The dispute this year between the state-backed Royal Bank of Scotland and the Treasury is typical of the arguments involved: RBS wanted to offer bonuses of up to twice the size of salaries; George Osborne argued that the bonuses didn’t reflect the financial performance of the organisation, and more generally, that out-of-control bonuses were part of the culture that had led to the financial crisis in the first place. In response, RBS claims it will be unable to keep the ‘top’ staff it needs to deliver the turnaround plan and even better performance for the Treasury.

With the ongoing controversy over bonuses it’s important we better understand how bonuses work. Media tend to highlight the size of bonuses paid in financial services, often using negative phrases such as ‘bonus culture’ that suggest the payment of something for nothing. Bonuses have become symbolic of greed and inequality. The depth of public feeling regarding bonuses has led to pronouncements by both the US president and the UK prime minister on the need to restrain “inequitable payments” and proposed legislations to cap bank bonuses in the EU.

In principle, these perceptions seem at odds with the basic theory that bonuses, like other forms of performance pay, stands in lieu of some portion of an otherwise riskless (or at least less risky) salary payment, and so serve to increase firm profitability and employee performance. The idea that high performance bonuses substitute for salaries provides the basis for the resistance by both the UK and US financial sector to cap or reduce bonus payments.

Previous research demonstrates that bonus payments are highly concentrated in the upper levels of the income distribution. While the size of bonuses for financial service workers gets the attention, other research has demonstrated that more performance pay in the US is associated with increased earnings inequality over the 1980s and 1990s. Our work has examined the implicit trade-off between the size of bonus payments and salary payments. Do bonuses substitute for salary – or are they just ‘gravy on top’? Our UK study is timely in light of OECD research that earnings inequality is growing more quickly in the UK than in any other developed country, and the evidence that this growth is uniquely tied to the financial services industry with its use of performance bonuses.

The data we use are drawn from the British Household Panel Survey (BHPS). The BHPS is a nationally representative longitudinal sample that annually interviews approximately 10,000 individuals from roughly 5,500 households. We limited our sample to private sector employees. The BHPS contains a range of information on earnings, including bonuses and profit share within the last year. The size of the average bonus among recipients is £3,180. The real value of bonuses among recipients has increased substantially over the decade, reaching a high of £5,400 in 2007, but declines substantially the next year in the wake of the financial crisis.

A key problem with isolating the relationship between salary and bonuses is that it’s well known that performance pay attracts more able workers, in fact this is at least part of their purpose. So naturally, these workers get paid more, and are more likely to receive (larger) bonuses. In our approach we emphasize the importance of using repeated observations of the same worker to control for worker ability. Specifically we were interested in how payment of bonuses for a given worker is associated with their salary payment. We also looked at the relationship between bonus payments and salaries across the wage distribution.

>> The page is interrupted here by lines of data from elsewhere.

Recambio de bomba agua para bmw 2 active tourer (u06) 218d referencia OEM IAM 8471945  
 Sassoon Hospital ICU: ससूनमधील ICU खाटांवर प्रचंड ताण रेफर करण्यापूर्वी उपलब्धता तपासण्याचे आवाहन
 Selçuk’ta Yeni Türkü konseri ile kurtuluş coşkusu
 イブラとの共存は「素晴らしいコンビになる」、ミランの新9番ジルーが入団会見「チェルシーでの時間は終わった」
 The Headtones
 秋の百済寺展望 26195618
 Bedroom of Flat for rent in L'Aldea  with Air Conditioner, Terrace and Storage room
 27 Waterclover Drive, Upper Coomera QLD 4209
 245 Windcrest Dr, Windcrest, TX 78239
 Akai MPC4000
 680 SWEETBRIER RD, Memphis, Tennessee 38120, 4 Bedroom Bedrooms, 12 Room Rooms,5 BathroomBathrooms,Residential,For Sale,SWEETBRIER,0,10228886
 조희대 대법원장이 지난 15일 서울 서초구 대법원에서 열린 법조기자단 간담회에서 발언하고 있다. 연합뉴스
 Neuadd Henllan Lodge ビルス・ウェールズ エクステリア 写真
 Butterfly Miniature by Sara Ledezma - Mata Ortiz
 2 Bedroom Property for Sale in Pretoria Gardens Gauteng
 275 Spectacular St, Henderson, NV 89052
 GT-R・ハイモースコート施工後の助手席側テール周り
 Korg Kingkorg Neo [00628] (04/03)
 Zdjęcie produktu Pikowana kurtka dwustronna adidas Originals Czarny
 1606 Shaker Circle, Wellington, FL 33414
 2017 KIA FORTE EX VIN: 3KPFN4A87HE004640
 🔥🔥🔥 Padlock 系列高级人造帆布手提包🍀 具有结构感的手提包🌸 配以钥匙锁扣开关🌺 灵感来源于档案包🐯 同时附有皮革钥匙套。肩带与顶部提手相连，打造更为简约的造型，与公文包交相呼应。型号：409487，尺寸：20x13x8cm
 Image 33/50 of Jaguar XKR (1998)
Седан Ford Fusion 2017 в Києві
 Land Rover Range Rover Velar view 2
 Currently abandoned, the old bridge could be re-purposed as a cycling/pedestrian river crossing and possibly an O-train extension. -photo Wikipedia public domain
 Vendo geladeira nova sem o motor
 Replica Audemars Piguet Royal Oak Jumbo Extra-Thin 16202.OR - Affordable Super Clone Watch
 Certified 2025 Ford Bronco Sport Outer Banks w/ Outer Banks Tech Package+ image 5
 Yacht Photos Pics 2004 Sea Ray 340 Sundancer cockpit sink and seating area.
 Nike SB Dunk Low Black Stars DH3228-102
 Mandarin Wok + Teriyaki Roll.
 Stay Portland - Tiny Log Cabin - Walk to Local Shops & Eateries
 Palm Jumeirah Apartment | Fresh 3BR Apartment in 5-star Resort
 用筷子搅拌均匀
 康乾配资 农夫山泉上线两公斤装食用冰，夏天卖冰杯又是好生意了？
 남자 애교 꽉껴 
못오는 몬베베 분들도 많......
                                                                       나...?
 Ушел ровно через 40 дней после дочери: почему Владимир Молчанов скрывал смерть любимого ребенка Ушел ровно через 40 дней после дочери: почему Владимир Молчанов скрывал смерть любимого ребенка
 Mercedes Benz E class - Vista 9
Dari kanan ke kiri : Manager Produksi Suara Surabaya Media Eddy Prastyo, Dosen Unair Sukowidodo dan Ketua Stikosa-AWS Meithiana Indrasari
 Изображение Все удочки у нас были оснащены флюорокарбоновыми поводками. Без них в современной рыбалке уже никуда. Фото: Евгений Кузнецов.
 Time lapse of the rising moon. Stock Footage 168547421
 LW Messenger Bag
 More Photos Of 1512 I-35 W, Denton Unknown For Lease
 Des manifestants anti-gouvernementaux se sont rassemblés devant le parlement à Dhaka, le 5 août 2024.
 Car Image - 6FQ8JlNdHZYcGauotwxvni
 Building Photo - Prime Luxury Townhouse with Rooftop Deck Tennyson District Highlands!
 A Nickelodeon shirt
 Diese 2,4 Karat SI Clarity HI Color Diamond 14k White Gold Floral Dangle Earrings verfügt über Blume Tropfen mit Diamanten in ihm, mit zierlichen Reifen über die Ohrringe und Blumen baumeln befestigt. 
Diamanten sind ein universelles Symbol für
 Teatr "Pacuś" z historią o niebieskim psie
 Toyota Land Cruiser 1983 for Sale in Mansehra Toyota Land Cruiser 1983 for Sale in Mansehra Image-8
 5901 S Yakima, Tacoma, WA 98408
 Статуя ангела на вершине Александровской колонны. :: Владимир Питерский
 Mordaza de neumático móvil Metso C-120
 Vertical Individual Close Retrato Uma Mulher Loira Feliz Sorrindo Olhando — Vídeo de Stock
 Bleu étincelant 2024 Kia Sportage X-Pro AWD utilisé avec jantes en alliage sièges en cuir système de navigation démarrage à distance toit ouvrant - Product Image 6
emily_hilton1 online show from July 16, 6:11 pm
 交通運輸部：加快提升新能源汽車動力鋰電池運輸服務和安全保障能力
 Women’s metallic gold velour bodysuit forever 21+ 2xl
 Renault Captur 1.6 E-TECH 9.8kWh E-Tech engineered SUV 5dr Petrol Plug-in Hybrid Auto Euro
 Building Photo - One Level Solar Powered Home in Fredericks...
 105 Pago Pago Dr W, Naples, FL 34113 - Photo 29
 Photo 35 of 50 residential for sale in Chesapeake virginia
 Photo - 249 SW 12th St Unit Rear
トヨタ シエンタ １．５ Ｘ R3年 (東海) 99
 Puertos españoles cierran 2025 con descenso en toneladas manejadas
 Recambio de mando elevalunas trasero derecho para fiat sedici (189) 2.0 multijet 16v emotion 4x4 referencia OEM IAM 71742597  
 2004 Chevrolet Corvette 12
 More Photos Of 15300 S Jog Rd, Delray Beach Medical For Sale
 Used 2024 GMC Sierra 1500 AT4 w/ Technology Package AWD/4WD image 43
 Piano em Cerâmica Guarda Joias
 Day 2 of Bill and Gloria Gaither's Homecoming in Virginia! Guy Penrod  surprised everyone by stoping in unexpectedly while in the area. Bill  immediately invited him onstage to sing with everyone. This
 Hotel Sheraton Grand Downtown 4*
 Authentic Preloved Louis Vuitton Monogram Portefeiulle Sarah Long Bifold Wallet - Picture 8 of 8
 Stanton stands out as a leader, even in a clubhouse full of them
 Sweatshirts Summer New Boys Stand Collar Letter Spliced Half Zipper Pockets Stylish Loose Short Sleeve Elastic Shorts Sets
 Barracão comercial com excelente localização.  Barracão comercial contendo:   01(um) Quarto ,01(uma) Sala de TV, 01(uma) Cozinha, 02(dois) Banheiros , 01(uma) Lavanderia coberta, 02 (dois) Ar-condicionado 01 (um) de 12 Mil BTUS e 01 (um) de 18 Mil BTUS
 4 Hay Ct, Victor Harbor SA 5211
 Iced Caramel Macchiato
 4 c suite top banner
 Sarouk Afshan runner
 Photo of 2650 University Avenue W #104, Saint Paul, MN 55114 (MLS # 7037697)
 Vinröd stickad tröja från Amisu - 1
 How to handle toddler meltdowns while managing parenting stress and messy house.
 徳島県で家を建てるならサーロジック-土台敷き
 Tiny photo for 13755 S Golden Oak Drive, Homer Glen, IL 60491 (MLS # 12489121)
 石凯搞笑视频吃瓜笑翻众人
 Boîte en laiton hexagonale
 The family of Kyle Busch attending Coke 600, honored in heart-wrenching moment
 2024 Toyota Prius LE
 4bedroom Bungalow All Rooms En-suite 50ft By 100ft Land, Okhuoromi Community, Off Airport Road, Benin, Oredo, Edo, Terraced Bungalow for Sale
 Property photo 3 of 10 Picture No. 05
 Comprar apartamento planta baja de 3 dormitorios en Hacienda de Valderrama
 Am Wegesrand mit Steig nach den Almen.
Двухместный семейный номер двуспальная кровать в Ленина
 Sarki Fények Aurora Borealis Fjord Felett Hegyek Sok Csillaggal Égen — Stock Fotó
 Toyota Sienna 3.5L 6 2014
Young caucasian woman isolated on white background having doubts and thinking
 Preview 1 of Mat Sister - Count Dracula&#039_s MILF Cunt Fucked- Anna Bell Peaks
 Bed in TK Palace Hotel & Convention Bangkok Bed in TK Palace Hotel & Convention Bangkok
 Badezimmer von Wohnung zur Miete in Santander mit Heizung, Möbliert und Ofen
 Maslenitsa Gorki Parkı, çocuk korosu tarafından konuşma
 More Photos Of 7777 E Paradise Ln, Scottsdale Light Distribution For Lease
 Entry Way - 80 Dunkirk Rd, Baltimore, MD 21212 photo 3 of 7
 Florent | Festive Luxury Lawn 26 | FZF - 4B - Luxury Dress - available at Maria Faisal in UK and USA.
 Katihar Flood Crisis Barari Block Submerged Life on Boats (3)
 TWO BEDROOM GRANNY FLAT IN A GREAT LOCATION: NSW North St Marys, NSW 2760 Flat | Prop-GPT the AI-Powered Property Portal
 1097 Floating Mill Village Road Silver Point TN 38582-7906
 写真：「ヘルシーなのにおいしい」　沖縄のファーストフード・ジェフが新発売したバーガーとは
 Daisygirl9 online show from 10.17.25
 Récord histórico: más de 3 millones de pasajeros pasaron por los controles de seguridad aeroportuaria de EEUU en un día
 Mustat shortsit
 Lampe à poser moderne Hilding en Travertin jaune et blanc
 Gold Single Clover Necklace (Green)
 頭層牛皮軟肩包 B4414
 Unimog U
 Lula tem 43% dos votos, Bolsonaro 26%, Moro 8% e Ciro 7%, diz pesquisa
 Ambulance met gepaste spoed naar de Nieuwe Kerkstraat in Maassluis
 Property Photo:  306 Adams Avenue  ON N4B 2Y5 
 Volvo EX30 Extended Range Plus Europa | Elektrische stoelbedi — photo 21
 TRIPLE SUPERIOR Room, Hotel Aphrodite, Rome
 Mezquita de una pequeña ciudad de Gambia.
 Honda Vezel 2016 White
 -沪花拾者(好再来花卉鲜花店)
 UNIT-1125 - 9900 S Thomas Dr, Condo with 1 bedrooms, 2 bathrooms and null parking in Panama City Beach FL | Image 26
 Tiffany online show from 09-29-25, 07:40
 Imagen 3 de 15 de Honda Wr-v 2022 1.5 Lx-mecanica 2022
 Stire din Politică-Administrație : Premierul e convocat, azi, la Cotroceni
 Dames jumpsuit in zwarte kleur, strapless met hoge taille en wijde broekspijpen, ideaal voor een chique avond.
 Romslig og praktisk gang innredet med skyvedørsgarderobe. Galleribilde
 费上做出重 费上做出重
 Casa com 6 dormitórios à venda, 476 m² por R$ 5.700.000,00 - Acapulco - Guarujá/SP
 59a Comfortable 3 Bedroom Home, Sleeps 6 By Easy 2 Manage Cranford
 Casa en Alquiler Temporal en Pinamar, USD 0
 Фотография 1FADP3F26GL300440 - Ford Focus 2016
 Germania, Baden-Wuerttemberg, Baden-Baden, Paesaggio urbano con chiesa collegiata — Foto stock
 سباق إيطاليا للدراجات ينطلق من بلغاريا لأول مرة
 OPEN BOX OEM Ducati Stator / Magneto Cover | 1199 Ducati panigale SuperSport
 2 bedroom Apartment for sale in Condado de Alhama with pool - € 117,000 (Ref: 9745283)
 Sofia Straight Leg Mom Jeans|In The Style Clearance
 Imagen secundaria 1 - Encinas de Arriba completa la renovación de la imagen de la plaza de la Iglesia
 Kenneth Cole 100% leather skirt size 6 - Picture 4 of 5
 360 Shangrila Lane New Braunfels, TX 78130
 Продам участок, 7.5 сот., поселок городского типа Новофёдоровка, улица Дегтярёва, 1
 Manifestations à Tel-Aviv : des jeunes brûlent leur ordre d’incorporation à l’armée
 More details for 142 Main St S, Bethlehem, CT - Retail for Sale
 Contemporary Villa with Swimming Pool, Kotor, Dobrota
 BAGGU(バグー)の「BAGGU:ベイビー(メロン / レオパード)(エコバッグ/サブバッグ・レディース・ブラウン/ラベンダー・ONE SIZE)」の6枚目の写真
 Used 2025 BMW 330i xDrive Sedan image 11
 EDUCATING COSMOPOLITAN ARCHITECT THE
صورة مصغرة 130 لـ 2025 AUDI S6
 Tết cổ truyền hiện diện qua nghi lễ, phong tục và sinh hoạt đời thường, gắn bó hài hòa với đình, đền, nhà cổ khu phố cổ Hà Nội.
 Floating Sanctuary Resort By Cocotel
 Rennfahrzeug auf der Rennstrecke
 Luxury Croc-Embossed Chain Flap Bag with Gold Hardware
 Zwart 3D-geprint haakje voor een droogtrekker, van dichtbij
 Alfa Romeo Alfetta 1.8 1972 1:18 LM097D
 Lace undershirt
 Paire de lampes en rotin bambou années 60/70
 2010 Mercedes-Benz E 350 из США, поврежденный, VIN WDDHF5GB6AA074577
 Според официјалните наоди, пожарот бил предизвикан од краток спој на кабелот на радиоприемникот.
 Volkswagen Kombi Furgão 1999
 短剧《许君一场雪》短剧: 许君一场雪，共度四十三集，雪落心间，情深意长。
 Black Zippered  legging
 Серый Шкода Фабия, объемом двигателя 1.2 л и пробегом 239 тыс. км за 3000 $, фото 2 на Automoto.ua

We found no evidence of there being any trade-off between salary and bonuses for high-earners – in other words, it’s not a case of bonuses being used to top up a lower salary, they look like an added ‘gravy’. For lower earners, the figures showed that they are a different case – and they do forgo an element of salary payments in order to receive bonuses. They give up 40p of their salary for every £1 in bonus.

It’ll be important to dig more deeply into the issue and the figures. So data sources from other countries that itemize the size of bonuses might be worth investigating, as well as other forms of performance pay beyond bonuses. If there’s to be a useful debate over salaries vs bonuses, and ‘reasonable’ or appropriate levels of bonuses, then HR and rewards professionals need this level of clarity and understanding of the actual nature and workings of additional payments, whatever form they take.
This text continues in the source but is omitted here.